Alec Ross was the tech and innovation consultant of Hillary Clinton during the administration Obama. He currently lives in Bologna where he’s working as Distinguished Visiting Professor in the Business School of the city.
Luca Litrico is the third generation leading Sartoria Litrico, the family tailoring Atelier founded in 1951 that always worked in the field of sustainable fashion.
Luca reached out with Alec for a chat about Slow Fashion, Green Economy, and the changes we are facing in the fashion world.
LUCA: Hi Alec, thank you for accepting this interview with us. At the Bologna Business School, you teach technology and geopolitics, and you also know the city very well because you have already been there 25 years ago to study medieval history. I know that your interests are wide, and include also the Fashion world, one of the Italian strategic industries all around the world. You’ve just published your new book, “The Raging 2020’s”, and it resonates with one question I’m reflecting on since the first start of the pandemic outbreak. During the first lockdown, I always wondered about where Fashion will be in the future and what will be the role of Slow Fashion. The Haute Couture Atelier with their bespoke creations is back in the spotlight thank to their sustainable nature because they have a knee for the raw materials chosen for the creations. Each little Atelier works under profound respect for the fabrics, chosen wisely, for the environment, because Slow Fashion means work with less waste possible and for the Client, who is the canvas in which the artisan can bring to life the most unique creation. We do all of this following a long, important, artistic tradition, the backbone of the tailoring work.
ALEC: Fashion is not the first sector that comes to mind when most people think of the environmental impact.
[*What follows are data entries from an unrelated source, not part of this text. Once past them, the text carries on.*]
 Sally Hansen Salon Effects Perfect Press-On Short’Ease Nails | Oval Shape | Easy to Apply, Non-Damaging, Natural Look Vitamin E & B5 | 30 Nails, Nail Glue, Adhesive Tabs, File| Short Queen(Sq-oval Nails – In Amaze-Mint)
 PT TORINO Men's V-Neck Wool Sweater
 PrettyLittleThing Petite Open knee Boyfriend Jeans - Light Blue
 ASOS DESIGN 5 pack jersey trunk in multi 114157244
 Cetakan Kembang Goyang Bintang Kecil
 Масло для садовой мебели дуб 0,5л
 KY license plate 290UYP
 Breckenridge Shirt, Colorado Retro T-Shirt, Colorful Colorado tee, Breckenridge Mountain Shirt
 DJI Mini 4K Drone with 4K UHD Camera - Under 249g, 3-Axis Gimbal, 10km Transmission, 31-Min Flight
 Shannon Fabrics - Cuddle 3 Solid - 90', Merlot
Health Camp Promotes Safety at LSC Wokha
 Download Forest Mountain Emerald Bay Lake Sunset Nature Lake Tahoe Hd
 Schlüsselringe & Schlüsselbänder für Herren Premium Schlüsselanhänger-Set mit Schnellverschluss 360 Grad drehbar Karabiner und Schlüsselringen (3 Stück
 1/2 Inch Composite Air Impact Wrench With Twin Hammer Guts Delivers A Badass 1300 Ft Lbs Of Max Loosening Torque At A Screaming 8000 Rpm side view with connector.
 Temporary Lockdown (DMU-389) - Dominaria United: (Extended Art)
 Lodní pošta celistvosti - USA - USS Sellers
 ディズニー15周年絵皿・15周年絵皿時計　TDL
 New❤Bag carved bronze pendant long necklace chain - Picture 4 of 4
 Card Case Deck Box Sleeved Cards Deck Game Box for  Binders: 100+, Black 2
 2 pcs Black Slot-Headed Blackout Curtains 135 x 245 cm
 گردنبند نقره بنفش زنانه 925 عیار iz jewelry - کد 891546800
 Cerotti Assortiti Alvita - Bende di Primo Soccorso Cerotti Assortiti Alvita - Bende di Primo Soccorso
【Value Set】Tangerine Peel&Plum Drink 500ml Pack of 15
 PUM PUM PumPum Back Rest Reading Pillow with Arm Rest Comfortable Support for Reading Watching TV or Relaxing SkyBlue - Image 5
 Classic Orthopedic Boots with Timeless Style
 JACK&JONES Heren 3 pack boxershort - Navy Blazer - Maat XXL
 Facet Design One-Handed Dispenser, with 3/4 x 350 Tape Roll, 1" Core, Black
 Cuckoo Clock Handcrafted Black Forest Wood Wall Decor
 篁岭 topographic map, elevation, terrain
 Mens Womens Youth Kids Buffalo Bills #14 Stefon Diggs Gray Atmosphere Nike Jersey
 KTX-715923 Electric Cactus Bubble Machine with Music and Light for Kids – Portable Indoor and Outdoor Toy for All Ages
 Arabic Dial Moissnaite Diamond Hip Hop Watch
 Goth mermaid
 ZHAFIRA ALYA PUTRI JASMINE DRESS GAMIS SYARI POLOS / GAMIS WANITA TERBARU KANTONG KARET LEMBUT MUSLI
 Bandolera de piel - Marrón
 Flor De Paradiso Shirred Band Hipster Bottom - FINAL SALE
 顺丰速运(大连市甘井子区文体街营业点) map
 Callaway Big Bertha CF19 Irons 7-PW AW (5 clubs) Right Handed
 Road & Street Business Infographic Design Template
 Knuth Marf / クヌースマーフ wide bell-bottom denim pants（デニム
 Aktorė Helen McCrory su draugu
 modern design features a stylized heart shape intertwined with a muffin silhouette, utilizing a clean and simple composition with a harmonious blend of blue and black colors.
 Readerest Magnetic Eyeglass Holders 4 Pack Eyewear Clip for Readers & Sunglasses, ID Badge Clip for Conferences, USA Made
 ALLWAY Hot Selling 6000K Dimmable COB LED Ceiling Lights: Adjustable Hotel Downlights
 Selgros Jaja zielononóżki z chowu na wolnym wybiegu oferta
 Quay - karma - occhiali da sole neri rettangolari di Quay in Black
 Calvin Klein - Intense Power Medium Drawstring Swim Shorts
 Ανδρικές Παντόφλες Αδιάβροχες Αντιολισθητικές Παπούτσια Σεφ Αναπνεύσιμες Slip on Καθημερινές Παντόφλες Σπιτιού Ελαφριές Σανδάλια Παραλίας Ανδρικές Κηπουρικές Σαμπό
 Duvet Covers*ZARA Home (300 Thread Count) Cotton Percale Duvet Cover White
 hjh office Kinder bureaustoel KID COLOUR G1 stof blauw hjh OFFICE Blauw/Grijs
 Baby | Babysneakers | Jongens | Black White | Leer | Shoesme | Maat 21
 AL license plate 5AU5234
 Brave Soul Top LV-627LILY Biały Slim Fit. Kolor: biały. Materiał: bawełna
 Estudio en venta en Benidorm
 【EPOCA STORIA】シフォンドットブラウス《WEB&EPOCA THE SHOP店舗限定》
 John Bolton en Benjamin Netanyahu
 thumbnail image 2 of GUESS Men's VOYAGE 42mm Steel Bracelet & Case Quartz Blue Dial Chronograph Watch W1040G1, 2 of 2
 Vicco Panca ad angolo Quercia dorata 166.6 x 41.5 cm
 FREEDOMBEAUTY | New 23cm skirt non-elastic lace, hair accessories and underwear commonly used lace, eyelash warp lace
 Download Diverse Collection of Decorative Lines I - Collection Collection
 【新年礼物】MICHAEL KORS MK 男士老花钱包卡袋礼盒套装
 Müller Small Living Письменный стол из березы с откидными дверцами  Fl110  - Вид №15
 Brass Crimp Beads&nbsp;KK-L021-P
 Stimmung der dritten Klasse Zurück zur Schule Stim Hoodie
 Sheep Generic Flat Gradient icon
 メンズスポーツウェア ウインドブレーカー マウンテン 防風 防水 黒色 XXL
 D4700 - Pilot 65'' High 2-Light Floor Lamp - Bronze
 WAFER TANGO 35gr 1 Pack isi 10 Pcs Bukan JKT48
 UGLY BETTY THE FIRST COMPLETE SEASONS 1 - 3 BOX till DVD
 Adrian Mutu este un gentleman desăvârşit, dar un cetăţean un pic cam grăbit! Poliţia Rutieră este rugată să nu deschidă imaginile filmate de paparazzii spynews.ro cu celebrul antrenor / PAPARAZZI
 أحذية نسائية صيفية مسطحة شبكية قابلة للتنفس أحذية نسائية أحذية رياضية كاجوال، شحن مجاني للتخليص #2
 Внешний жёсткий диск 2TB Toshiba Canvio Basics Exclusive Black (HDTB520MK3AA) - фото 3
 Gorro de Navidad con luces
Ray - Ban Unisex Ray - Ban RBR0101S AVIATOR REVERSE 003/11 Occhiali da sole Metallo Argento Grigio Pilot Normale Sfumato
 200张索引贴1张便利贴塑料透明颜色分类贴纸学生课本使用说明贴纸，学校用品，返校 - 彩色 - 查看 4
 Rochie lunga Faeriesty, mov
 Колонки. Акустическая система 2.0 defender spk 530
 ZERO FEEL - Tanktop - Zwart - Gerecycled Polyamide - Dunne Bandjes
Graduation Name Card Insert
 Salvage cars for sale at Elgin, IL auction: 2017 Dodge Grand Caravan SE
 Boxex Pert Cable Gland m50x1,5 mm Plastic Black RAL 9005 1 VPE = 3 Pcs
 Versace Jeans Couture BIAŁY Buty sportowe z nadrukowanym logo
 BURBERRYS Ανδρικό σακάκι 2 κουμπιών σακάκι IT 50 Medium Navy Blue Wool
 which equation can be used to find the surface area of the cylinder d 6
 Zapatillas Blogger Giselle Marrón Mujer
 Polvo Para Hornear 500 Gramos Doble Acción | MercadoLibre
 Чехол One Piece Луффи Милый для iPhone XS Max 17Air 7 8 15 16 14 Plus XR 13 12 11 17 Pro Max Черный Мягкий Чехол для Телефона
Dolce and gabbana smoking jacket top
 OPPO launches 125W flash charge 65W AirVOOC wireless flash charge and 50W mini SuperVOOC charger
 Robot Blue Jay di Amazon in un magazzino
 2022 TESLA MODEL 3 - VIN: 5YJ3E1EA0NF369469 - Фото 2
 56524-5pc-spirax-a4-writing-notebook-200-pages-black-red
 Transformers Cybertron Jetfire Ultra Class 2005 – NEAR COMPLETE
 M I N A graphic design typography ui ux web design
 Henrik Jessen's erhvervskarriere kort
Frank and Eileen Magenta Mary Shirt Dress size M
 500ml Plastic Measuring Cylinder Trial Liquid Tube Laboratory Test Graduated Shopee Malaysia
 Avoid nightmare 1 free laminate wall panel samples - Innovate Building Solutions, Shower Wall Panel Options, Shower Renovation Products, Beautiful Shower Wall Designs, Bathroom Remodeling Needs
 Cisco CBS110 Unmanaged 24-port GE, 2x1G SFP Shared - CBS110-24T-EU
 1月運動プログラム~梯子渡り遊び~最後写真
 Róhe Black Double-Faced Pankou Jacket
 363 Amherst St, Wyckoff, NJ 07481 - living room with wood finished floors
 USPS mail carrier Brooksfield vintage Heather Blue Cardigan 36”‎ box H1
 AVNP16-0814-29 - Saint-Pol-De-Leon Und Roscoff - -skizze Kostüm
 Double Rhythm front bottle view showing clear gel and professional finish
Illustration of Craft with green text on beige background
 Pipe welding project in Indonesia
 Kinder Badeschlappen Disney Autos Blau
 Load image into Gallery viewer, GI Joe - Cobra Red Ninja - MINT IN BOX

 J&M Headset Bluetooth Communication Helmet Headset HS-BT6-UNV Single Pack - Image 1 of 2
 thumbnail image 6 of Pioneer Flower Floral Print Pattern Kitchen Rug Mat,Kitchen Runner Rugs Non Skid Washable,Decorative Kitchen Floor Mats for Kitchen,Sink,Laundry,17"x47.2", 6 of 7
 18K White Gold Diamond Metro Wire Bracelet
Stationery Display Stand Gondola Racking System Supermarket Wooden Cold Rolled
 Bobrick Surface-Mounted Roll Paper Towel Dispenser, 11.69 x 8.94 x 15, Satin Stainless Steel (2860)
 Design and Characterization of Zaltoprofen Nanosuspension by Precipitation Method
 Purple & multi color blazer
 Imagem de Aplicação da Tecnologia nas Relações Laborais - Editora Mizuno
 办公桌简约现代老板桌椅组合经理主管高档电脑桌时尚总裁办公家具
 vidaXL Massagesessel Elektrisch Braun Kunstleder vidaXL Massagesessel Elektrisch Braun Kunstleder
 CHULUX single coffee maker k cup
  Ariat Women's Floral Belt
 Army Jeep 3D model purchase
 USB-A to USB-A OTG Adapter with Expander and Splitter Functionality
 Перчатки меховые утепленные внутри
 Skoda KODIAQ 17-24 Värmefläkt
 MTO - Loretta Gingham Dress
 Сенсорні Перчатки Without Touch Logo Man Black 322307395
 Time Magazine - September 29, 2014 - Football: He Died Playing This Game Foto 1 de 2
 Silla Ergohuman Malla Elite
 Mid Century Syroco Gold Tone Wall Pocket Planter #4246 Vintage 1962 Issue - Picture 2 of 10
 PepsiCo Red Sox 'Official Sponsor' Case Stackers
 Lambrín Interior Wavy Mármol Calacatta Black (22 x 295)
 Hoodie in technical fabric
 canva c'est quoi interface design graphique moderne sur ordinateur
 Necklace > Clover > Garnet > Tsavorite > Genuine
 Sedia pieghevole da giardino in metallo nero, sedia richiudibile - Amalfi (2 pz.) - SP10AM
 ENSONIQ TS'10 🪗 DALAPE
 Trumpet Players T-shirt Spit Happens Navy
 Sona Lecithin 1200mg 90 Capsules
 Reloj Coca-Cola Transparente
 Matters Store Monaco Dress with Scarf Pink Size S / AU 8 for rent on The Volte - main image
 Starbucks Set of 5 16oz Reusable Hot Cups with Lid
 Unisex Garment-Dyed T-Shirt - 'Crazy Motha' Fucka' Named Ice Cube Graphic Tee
But fashion is responsible for 10 percent of the world’s carbon emissions and 20 percent of the world’s wastewater, more than all international flights and maritime shipping combined. Most people do not realize the wastefulness of their wardrobes, but at its current growth rate, the fashion industry will produce a quarter of the world’s carbon emissions by the year 2050. Some brands do not mind cashing in on humanity’s shopping sprees, but others have pioneered a more sustainable approach to clothing their customers. Most prominent among them is the atelier of Alta Moda because of their values and approach. This makes it more environmentally responsible and more attractive to consumers.
LUCA: In wich way the Green Economy, the sustainable fashion and the Slow Fashion, can work together with new technologies, also in the materials? And how can we “save” the global industry, and the workers, that has jobs in the Fashion World, from textile clothing to footwear and leather goods?
ALEC: Green Economy, sustainable fashion, and Slow Fashion can use emerging technologies in a variety of ways. Technology is only a tool, but it is a powerful tool. For too long, fashion has been a “dirty” industry. The only way that it can become a more clean, sustainable industry is to follow the leadership set out by those in sustainable fashion e Slow Fashion. The tools of big data are proving to be one of the most important resources we have to achieve our sustainability goals. It allows us to be more “precise” and in so doing to reduce waste. It allows us to make the most of what we have. In this case, it is an example of how technology can enable our humanity, rather than reduce our humanity.
By thanking Alec Ross for his availability, we remember that his book “ The Raging 2020’s” is dedicated to anyone interested in deepening these issues.